In his 1823 work, Résumée des leçons données á l’ecole royale polytechnique sur le calcul infintésimal, Augustin Cauchy provided another form of the remainder for Taylor series.

Theorem 7.3.1.

Suppose \(f\) is a function such that \(f^{(n+1)}(t)\) is continuous on an interval containing \(a\) and \(x\text{.}\) Then

\begin{equation*} f(x)-\left(\sum_{j=0}^n\frac{f^{(j)}(a)}{j!}(x-a)^j\right)=\frac{f^{\, (n+1)}(c)}{n!}(x-c)^n(x-a) \end{equation*}

where \(c\) is some number between \(a\) and \(x\text{.}\)

Problem 7.3.2.

Prove Theorem 7.3.1 using an argument similar to the one used in the proof of Theorem 7.2.1. Don’t forget there are two cases to consider.
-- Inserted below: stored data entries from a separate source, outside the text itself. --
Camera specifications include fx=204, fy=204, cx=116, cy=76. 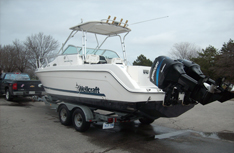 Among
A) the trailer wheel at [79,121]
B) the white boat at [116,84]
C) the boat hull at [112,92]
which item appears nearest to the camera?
the white boat at [116,84]

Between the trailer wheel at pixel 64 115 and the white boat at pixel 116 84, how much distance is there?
33cm

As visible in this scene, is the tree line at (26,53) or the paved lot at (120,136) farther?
the tree line at (26,53)

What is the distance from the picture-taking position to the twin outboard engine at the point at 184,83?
12.5 ft

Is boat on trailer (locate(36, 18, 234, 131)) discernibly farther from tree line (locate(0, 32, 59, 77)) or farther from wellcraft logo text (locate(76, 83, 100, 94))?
tree line (locate(0, 32, 59, 77))

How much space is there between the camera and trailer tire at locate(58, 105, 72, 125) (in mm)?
6266

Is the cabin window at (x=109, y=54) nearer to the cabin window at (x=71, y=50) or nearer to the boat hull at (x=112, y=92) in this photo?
the cabin window at (x=71, y=50)

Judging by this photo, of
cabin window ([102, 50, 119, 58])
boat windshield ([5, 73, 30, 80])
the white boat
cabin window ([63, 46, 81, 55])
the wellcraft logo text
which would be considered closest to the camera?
the white boat

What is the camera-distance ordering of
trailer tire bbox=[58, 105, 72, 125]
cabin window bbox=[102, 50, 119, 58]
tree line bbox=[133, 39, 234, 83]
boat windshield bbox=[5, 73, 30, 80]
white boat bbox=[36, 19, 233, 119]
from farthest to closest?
tree line bbox=[133, 39, 234, 83] → boat windshield bbox=[5, 73, 30, 80] → cabin window bbox=[102, 50, 119, 58] → trailer tire bbox=[58, 105, 72, 125] → white boat bbox=[36, 19, 233, 119]

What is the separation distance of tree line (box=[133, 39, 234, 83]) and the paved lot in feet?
33.5

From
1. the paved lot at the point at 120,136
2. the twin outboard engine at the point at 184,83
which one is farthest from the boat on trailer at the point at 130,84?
the paved lot at the point at 120,136

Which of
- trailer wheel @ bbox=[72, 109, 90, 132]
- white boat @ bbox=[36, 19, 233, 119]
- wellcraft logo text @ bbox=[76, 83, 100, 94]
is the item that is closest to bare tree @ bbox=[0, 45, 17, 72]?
white boat @ bbox=[36, 19, 233, 119]

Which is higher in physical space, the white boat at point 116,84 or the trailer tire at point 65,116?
the white boat at point 116,84

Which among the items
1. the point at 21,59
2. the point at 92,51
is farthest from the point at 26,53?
the point at 92,51

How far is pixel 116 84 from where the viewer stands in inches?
188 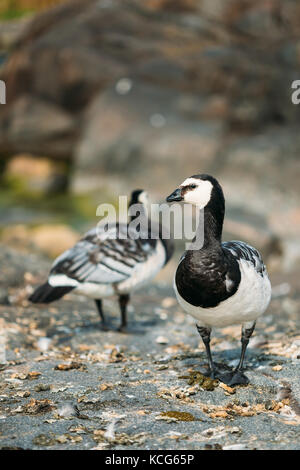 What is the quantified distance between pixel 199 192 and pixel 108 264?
2.37m

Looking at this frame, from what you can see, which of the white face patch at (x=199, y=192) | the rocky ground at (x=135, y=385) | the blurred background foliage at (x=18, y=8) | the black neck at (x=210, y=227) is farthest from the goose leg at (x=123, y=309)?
the blurred background foliage at (x=18, y=8)

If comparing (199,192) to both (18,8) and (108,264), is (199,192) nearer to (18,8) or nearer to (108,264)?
(108,264)

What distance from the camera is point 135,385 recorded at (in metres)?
5.44

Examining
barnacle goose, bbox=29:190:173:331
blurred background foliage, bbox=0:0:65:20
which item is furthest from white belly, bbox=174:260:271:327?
blurred background foliage, bbox=0:0:65:20

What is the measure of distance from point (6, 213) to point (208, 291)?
12831mm

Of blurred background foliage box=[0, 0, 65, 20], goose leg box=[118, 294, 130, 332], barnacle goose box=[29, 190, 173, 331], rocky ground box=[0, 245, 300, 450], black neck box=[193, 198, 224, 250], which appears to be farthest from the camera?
blurred background foliage box=[0, 0, 65, 20]

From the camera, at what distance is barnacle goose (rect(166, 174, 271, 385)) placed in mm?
4977

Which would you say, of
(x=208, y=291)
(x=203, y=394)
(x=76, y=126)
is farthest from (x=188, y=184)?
(x=76, y=126)

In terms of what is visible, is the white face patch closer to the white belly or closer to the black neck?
the black neck

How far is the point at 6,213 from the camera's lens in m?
17.0

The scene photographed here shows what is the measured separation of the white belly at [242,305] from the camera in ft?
16.5

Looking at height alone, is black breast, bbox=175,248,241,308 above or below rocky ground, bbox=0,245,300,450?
above

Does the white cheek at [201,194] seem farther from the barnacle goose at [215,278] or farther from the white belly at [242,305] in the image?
the white belly at [242,305]

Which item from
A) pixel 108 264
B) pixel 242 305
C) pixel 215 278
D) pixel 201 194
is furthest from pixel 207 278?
pixel 108 264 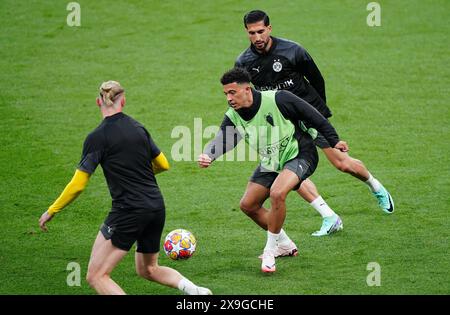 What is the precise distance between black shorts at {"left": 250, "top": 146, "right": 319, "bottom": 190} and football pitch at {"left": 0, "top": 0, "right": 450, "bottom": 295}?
0.93 meters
Using Cauchy’s form of the remainder, we can prove that the binomial series

\begin{equation*} 1+\frac{1}{2}x+\frac{\frac{1}{2}\left(\frac{1}{2}-1\right)}{2!}x^2+\frac{\frac{1}{2}\left(\frac{1}{2}-1\right)\left(\frac{1}{2}-2\right)}{3!}x^3+\cdots \end{equation*}

converges to \(\sqrt{1+x}\) for \(x\in(-1,0).\)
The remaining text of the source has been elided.